Ainsi l’institution synodale représente-t-elle à l’état chimiquement pur le processus du post-Concile : si Vatican II, comme événement global, a été une tentative d’adaptation du message de l’Épouse du Christ pour qu’il soit audible aux hommes de ce temps, les assemblées du Synode poursuivent sur cette lancée. Dans ce cadre, les forces conservatrices ont dépensé d’immenses efforts pour contenir cette adaptation (assemblées sur la catéchèse, la vie consacrée, la formation des prêtres, etc.) Elles l’ont fait avec la très grande faiblesse tenant au registre simplement « pastoral » sur lequel le Synode opère : ni l’assemblée, ni l’exhortation du pape qui suit n’engagent la foi. Les forces de mouvement ont au contraire bien plus de facilité à prôner l’« ouverture » qu’elles désirent (les assemblées depuis 2013), mais en délivrant un message déjà largement dépassé, tant pour les chrétiens de progrès que pour la société laïque. De toutes parts et de toutes les manières, on assiste à la dilapidation progressive de la vigueur du dépôt.
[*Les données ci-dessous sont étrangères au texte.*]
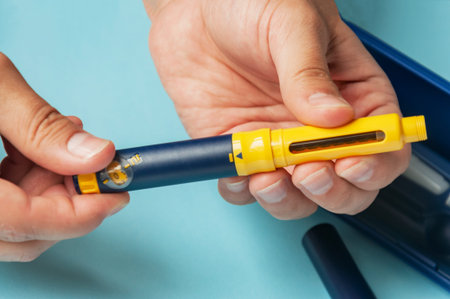 A man holds a syringe for subcutaneous injection of hormonal drugs in the IVF protocol (in vitro...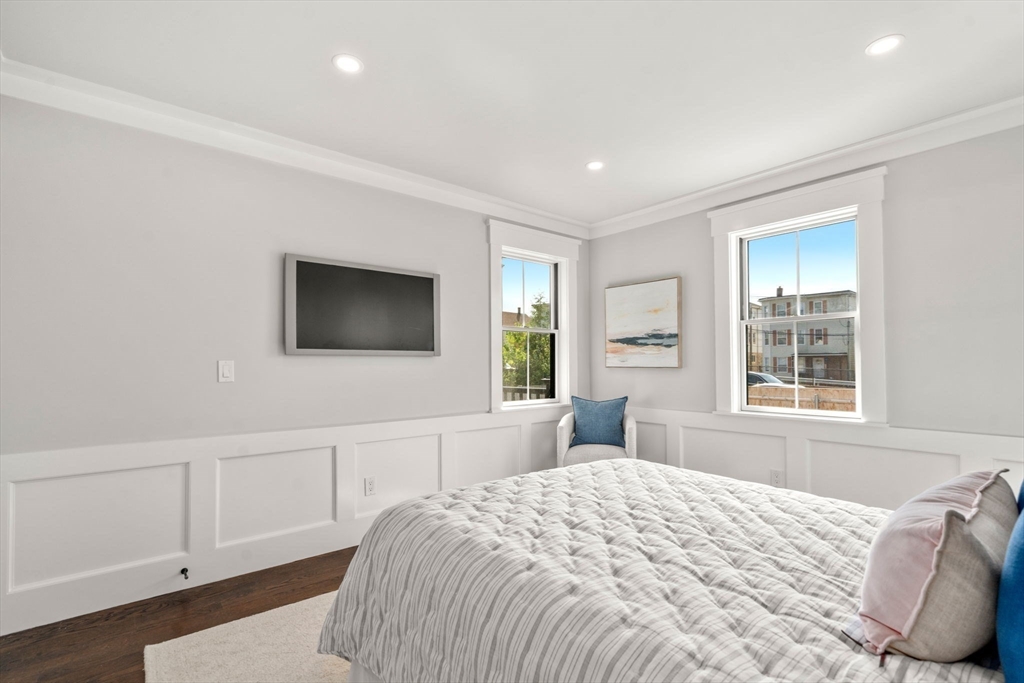 11 Macarthur Street, Unit A Somerville, MA 02145 - Photo 18 of 35 a bedroom with a bed and a flat screen tv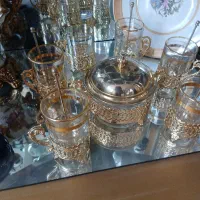 ۶عدد استکان وقاشق برنجی قدیمی وقندان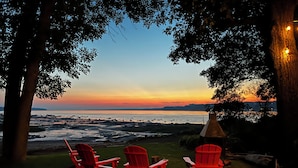 Three red Adirondack chairs facing a sunset over a beach with a view of the ocean and distant hills. - Magnificient view on the St-Lawrence river with private beach (Lévis)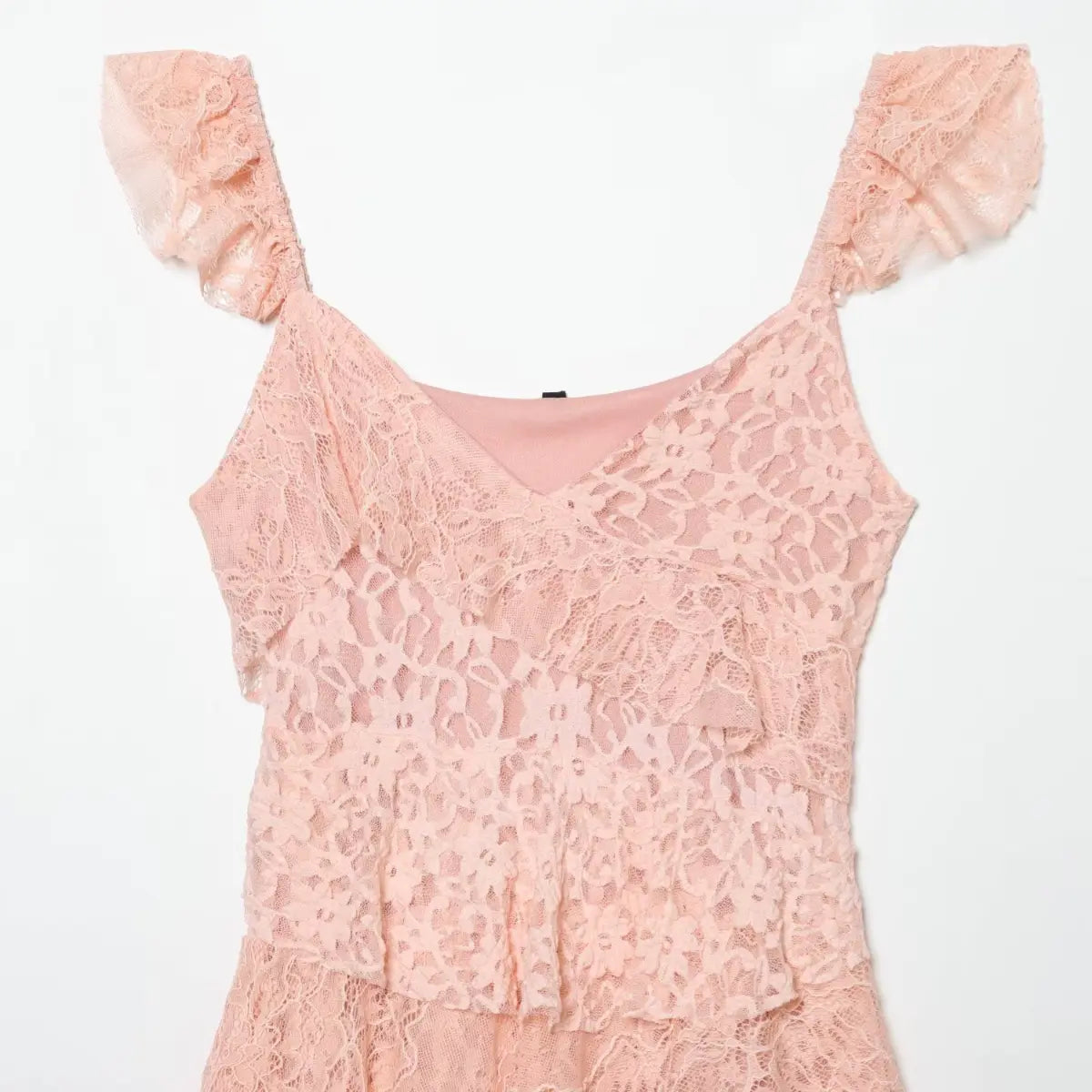 Front view of the blush pink tiered lace dress, showing the V-neckline, ruffled straps, and tiered bodice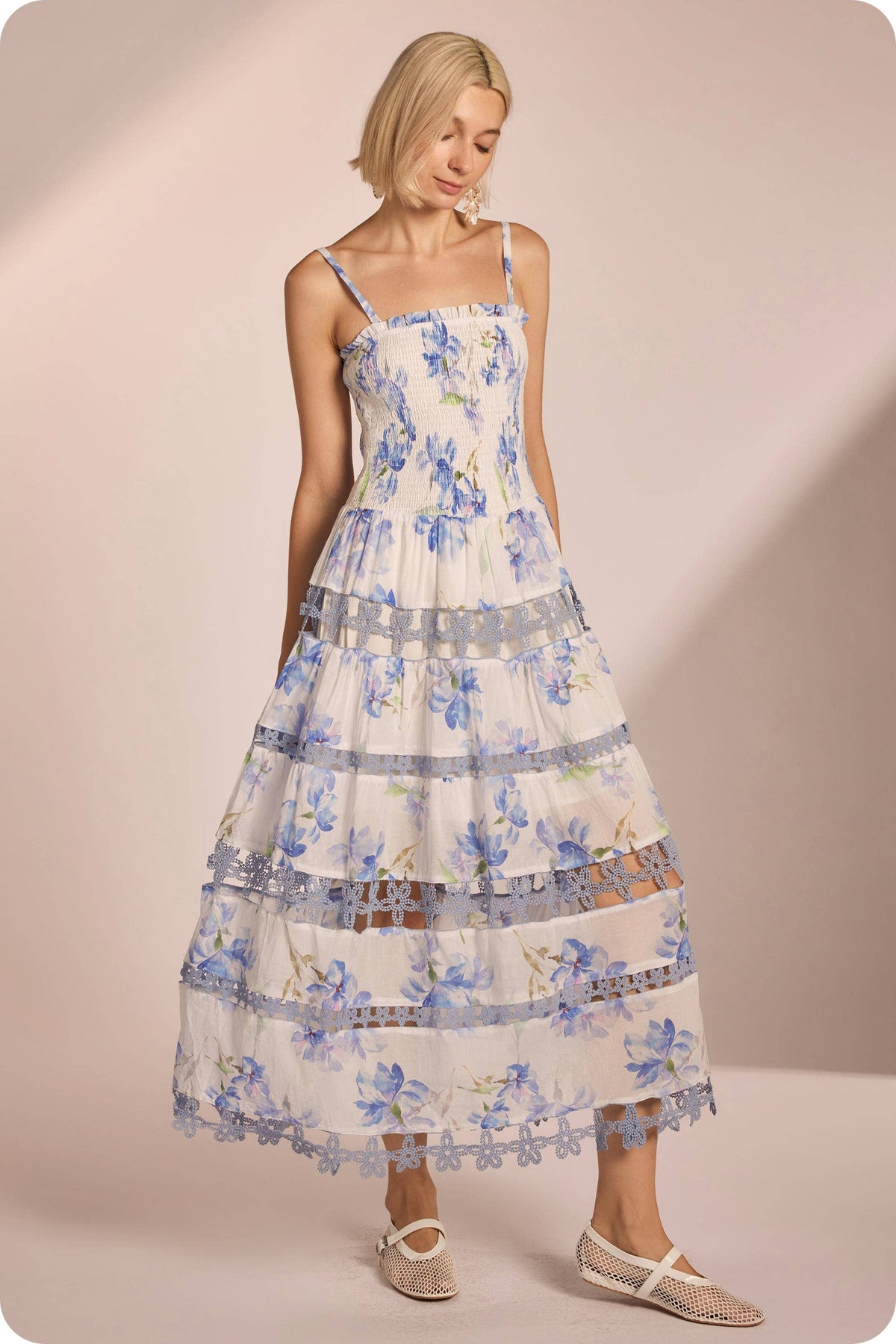 Floral print smocked midi dress with lace trim, featuring delicate blue flowers on a light background, perfect for Long Island boutique fashion.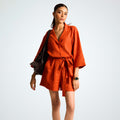 Relaxed orange rust linen playsuit with ¾ sleeves, roomy shorts, and a belt. Breathable comfort and effortless movement for any day | Selfish Clarity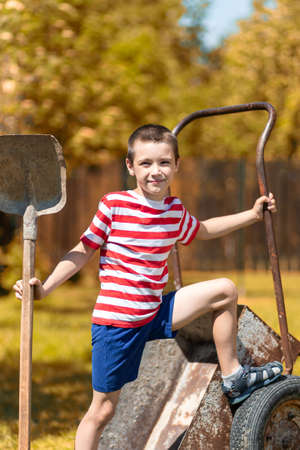 A little cheerful boy sits on a garden wheelbarrow and holds a shovel in his hand in the garden of a country house. Little boy helper ready to digの写真素材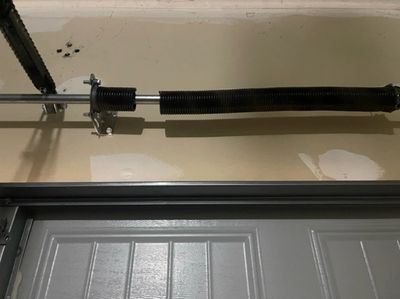 a broken garage door spring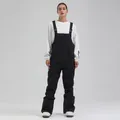 Pantaloni da sci a salopette neri professionali da donna per gli sport invernali - XS / Pantaloni e gonne / Nero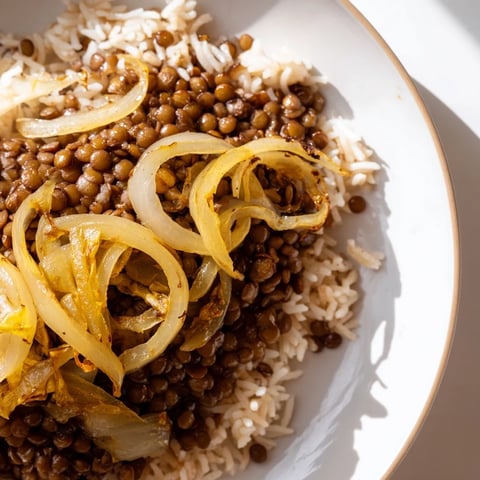 A steaming bowl of Lebanese Mjadra, lentils and rice topped with glistening caramelized onions.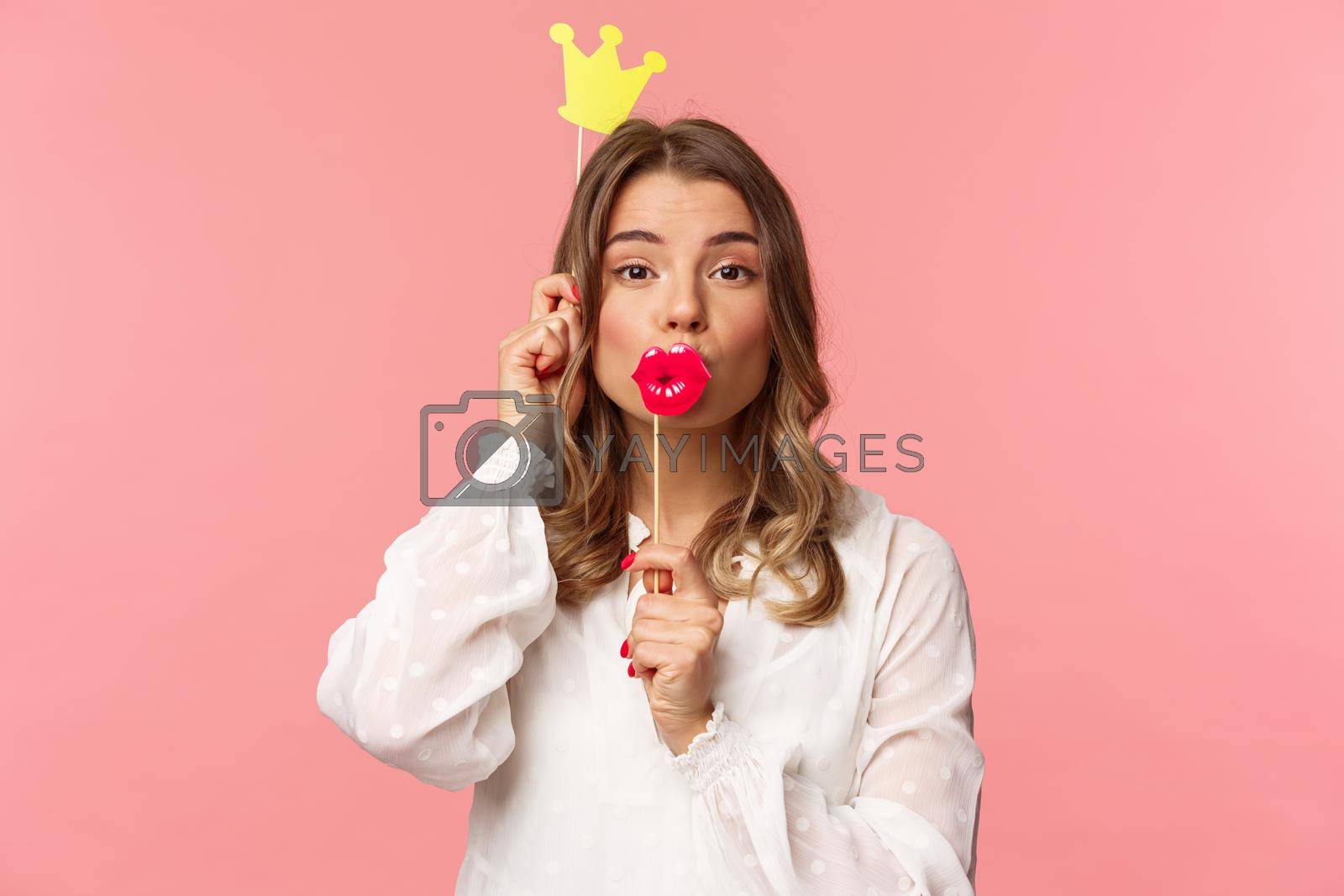 Spring, happiness and celebration concept. Close-up portrait of funny and cute, silly blond girl in white dress, holding big lips mask and crown, partying and having fun, pink background.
Dans ce contexte, la dernière assemblée, non seulement a souvent semblé d’un ennui mortel, mais elle a manifesté, à la manière d’un passage à la limite, l’inadéquation du système synodal à une véritable transmission. À l’intention d’une jeunesse qui a massivement cessé de recevoir une catéchèse et même de croire, de pratiquer, de se conformer à la morale chrétienne, les pasteurs de l’Église se sont contenté de disserter sur le « dialogue intergénérationnel » et de protester de leur « écoute fraternelle ». Il se peut qu’approche le moment pour des pasteurs décidés de renverser la table.